Ein aufregender Tag also für alle Beteiligten. Und so ganz reibungslos verläuft das Rennen auch nicht. Eine Seifenkiste muss wegen eines technischen Fehlers ausscheiden. Während der Probefahrt ist die Lenkung einer Kiste zu Bruch gegangen. Aber Mitstreiter überlassen ihre Kiste dem unglücklichen Fahrer. „Dass dieses Fair-Play so gut funktioniert, dass andere Teams ihre Fahrzeuge zur Verfügung stellen, finde ich toll“, sagt Moderator Reiner Jodorf.

Bei dem Rennen wird in zwei Klassen unterschieden. In der Kategorie Leichtgewicht nehmen Fahrer teil, die mit der Seifenkiste 90 Kilo nicht überschreiten. Im Schwergewicht, bei dem meistens Eltern und Kinder oder Geschwister gemeinsam fahren, sind bis zu 150 Kilo erlaubt. Niclas muss sich gegen zehn weitere Seifenkisten in seiner Kategorie behaupten. Insgesamt nehmen 25 Fahrer an dem Rennen teil.

Einrichtungen wie das Freizeitzentrum Mopsberg und das Haus der Jugend haben Seifenkisten zusammengebaut und gestellt. Manche sind aber auch das Gemeinschaftswerk von Opa und Enkel oder Vater und Sohn. Der Ideenreichtum ist groß. Die Fahrzeuge reichen von einer lang gestreckten Stretchlimousine bis zu Seifenkisten, auf denen etwa vorne eine Teufelsgabel oder auch eine silberne Maus in Anlehnung an den Mercedes-Stern prangt.

„Wir achten darauf, dass die Seifenkisten sicher sind, dass die Fahrer lenken und bremsen können und es keine scharfen Ecken und Kanten gibt“, sagt Rennleiter Ronald Röpnack, unter dessen Anleitung in der Holzwerkstatt des Freizeitzentrums Mopsberg bereits mehrere Seifenkisten entstanden sind. „Für die Kinder aber ist das Aussehen das Wichtigste.“

Und schnell müssen die Kisten sein. Damit es von der Rampe mit Schwung volle Fahrt voraus geht, hat der Freizeitverein Mopsberg, der das Rennen veranstaltet, einen sanfteren Übergang von der Rampe auf die Straße geschaffen, indem der Verein die Rampe um 30 Zentimeter erhöht und um ein Element erweitert hat. „Dadurch sind die Kisten schneller geworden“, sagt DerClaus Scheffler, 55, der beim Rennen aushilft und fotografiert.
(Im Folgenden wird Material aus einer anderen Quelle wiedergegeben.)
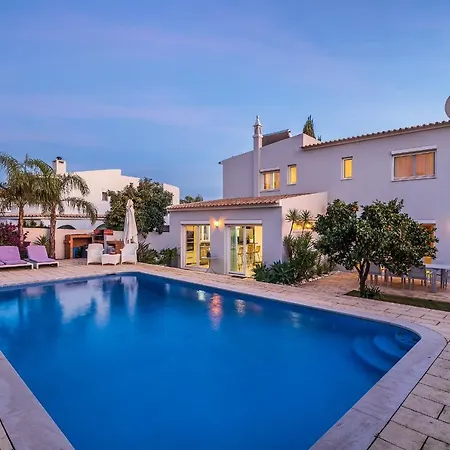 Casa Da Quinta - Private Pool - Faro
Für Niclas scheint sich das auszuzahlen. Nach dem ersten Durchgang ist nur ein Fahrer schneller als er. Am Nachmittag vor dem zweiten Durchgang versammeln sich immer mehr Menschen am Mopsberg. Die einen oder anderen versuchen sich ein paar kreativen Ideen zur Gestaltung von Seifenkisten zu holen wie ein 48 Jahre alter Vater aus Hamburg-Lurup eingesteht. „Mit den Augen zu klauen ist ja erlaubt“, sagt er.

Auch Karen Gay, 44, aus Heimfeld, die zusammen mit Tochter Emma, 11, und Sohn Paul, 10, das Seifenkisten-Rennen besucht, ist beeindruckt: „Die Autos sind toll.“ Neben dem Seifenkistenrennen zieht auch das Stadtteilfest beim Bürgerzentrum Feuervogel, in dem der Phoenix-Cup eingebettet ist, die Besucher an. Am Ende ist Rennleiter Röpnack sehr zufrieden: „Es waren viele Leute da. Alle Teilnehmer hatten ihre kleine Aufregung und ihr Rennvergnügen, und das ist das Wichtigste.“

Und Niclas? Der saust den Mopsberg mit dem Abendblatt-Flitzer im zweiten Rennen fast so schnell runter wie im ersten Durchlauf. 21,48 Sekunden legt er hin. Er wird Fünfter.